* **Exercise instructions**: Word for word, reproduce each line of the data below, omitting every image.

* **Information provided**:
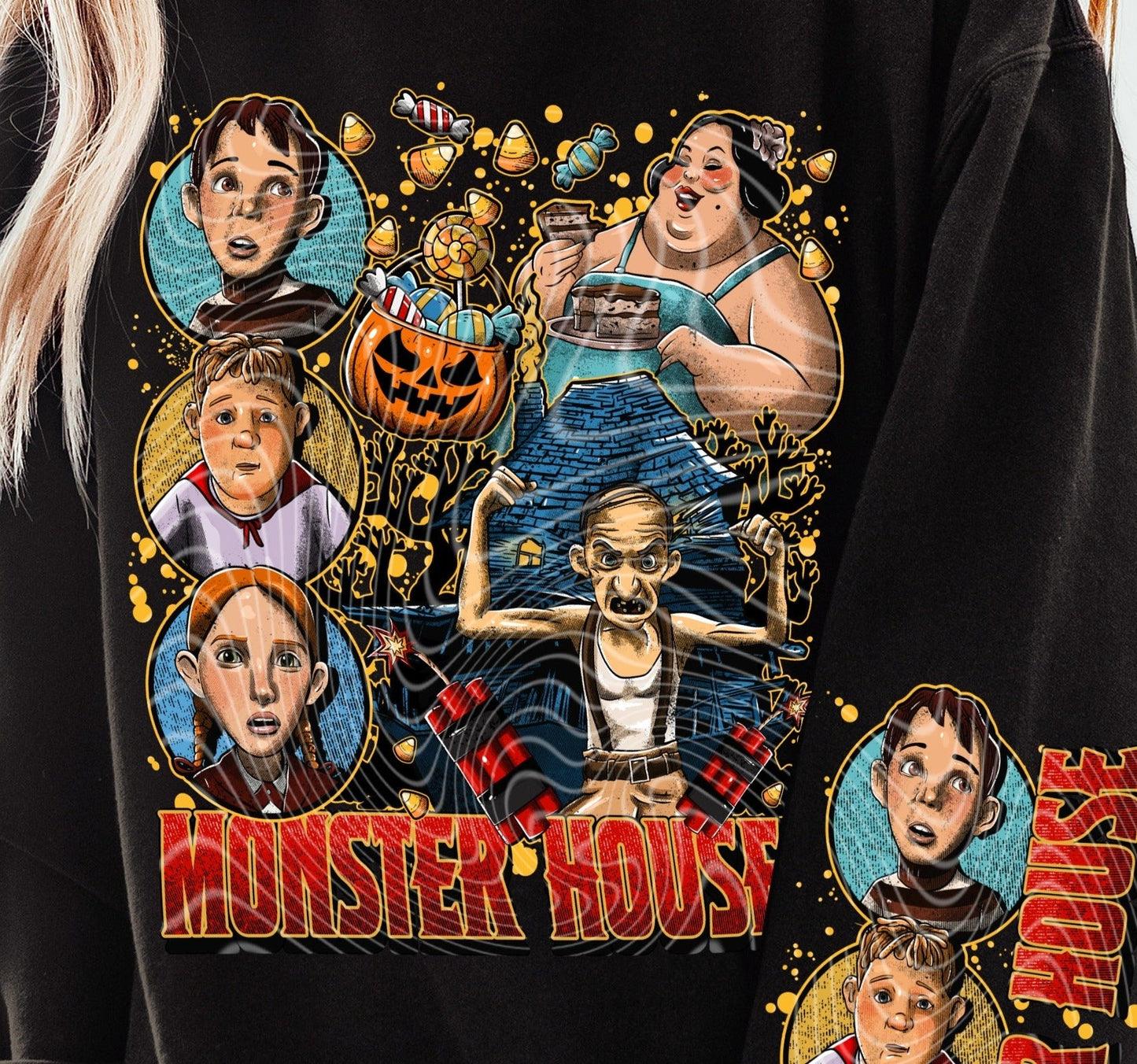 Sweatshirt Hoodie Or T-Shirt Fall  Halloween Monster House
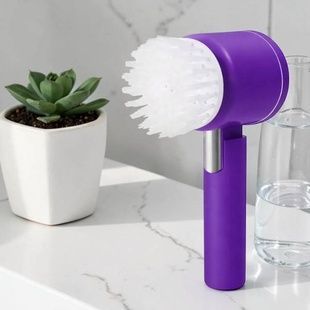 Щетка для уборки и мытья аккумуляторная Folding cleaning brush Фиолетовая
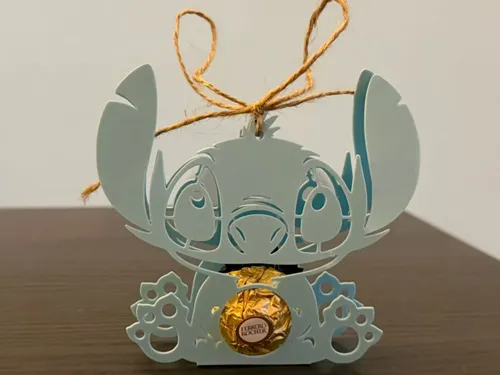 Regalo Navidad - Stitch (no Incluye Chocolate O Cuerda)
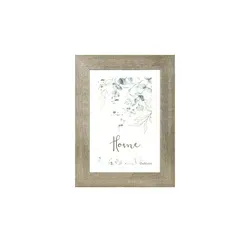 Produktbild Bilderrahmen 21x30 cm Leeds , silber , Massivholz , Maße (cm): B: 28 H: 37 T: 1.4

* **Answer to this problem**:
 Sweatshirt Hoodie Or T-Shirt Fall  Halloween Monster House
 Щетка для уборки и мытья аккумуляторная Folding cleaning brush Фиолетовая
 Regalo Navidad - Stitch (no Incluye Chocolate O Cuerda)
 Produktbild Bilderrahmen 21x30 cm Leeds , silber , Massivholz , Maße (cm): B: 28 H: 37 T: 1.4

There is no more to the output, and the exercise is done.